▶ _Assignment_
Print out the full material below, exact in every line, with no images included.

▶ _Dataset records_

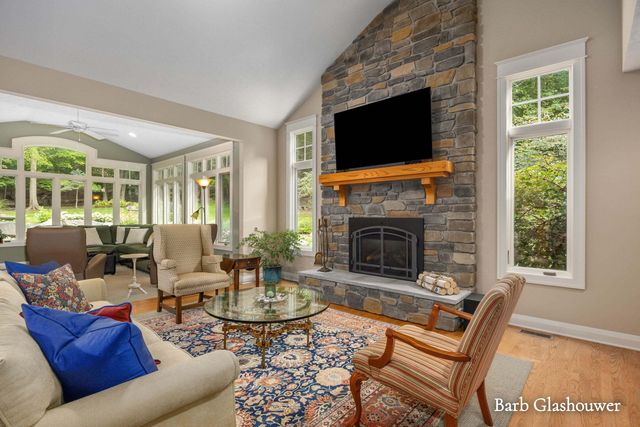 7454 Childsdale Avenue Ne, Plainfield Twp, MI 49341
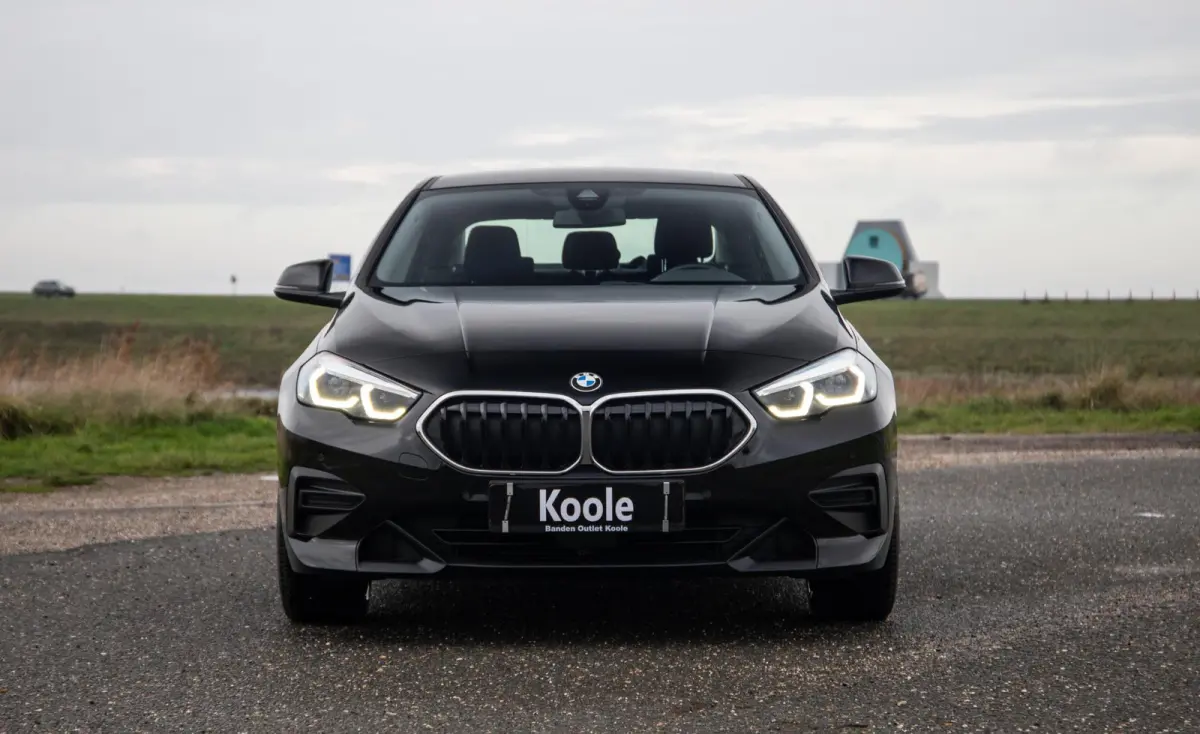 218i Introduction Edition NAVI / CARPLAY / LED / AUTOMAAT / N.A.P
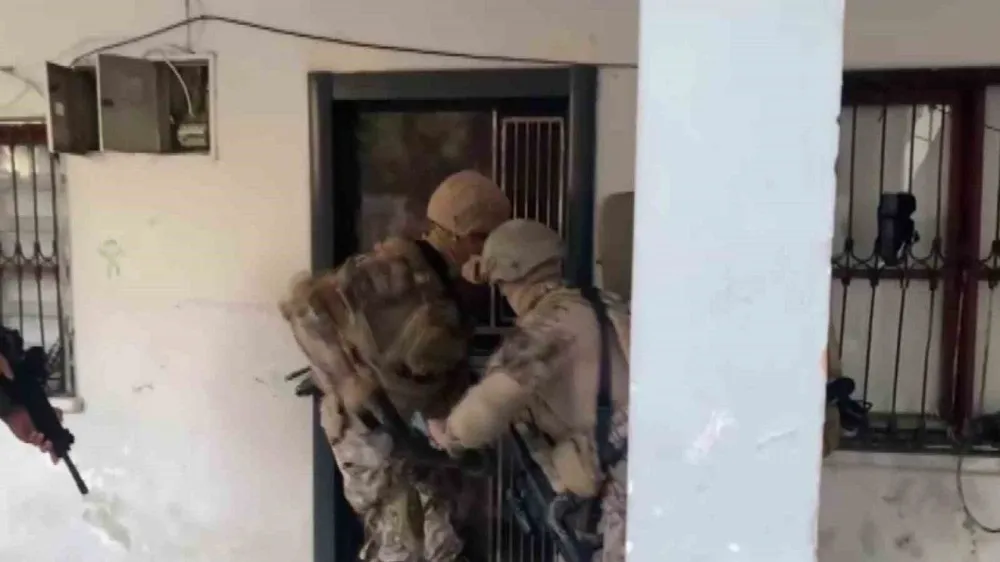 Adana’da sosyal medya ve ilan sitelerini Dolandıran Çeteye operasyon.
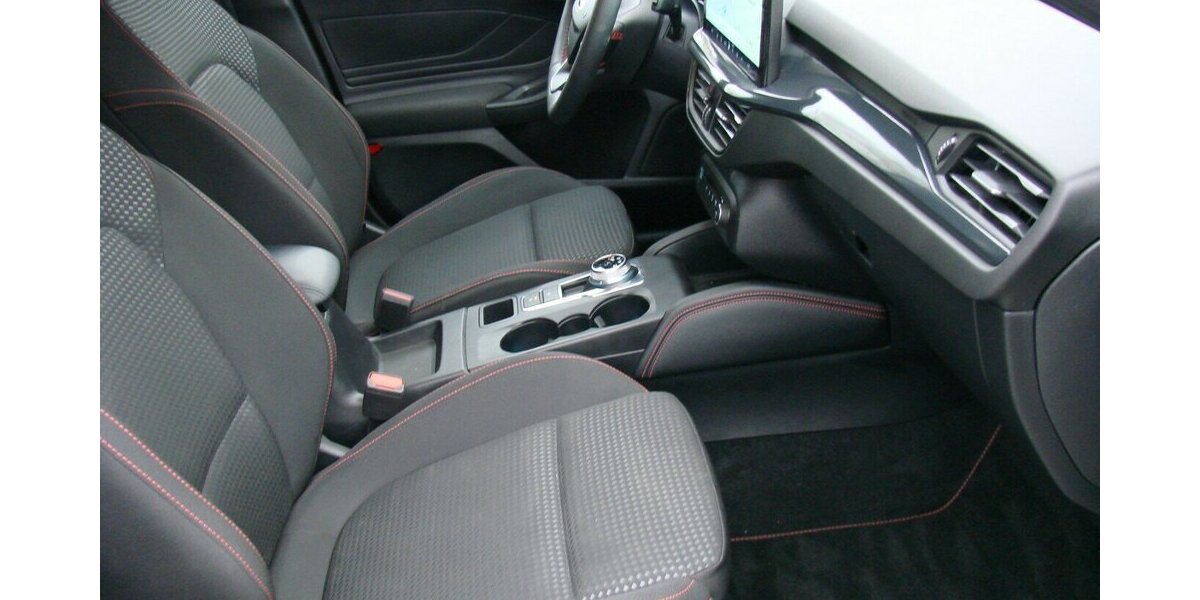 Ford Focus 1.5L TDCi ST-Line X ACC LED AHK HUD Bliss 12.043 km 23.980 &euro; Falkensee 14612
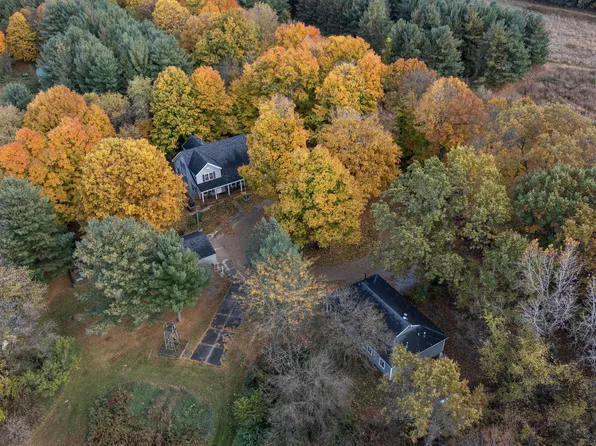 5750 Messenger Hwy, Olivet, MI 49076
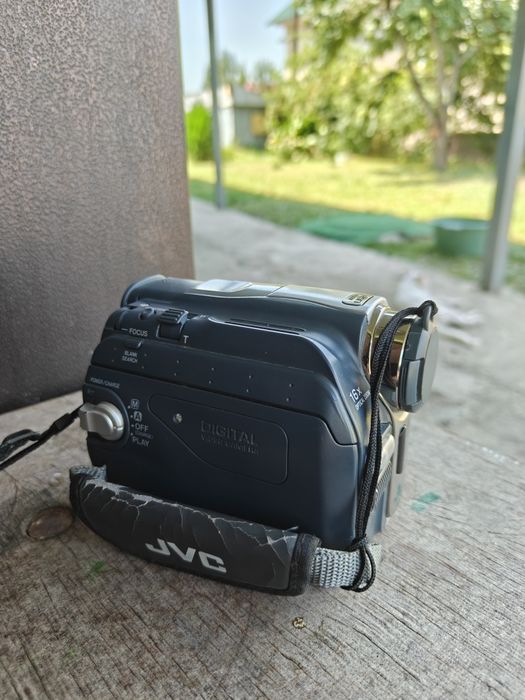 Видеокармера JVC GR-D53E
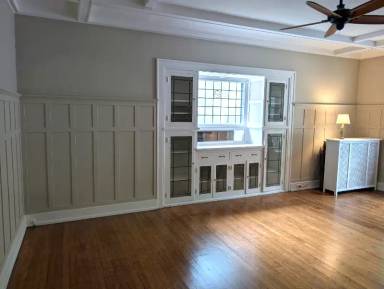 Main picture of 69 Parkside Ave
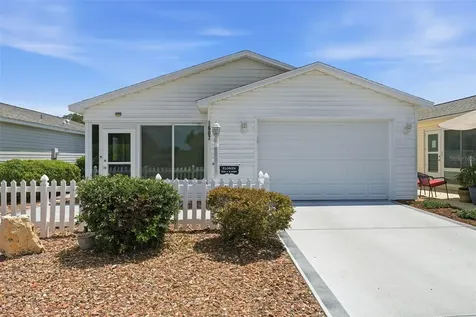 1607 Navidad Street The Villages FL 32162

▶ _Result for this task_
 7454 Childsdale Avenue Ne, Plainfield Twp, MI 49341
 218i Introduction Edition NAVI / CARPLAY / LED / AUTOMAAT / N.A.P
 Adana’da sosyal medya ve ilan sitelerini Dolandıran Çeteye operasyon.
 Ford Focus 1.5L TDCi ST-Line X ACC LED AHK HUD Bliss 12.043 km 23.980 &euro; Falkensee 14612
 5750 Messenger Hwy, Olivet, MI 49076
 Видеокармера JVC GR-D53E
 Main picture of 69 Parkside Ave
 1607 Navidad Street The Villages FL 32162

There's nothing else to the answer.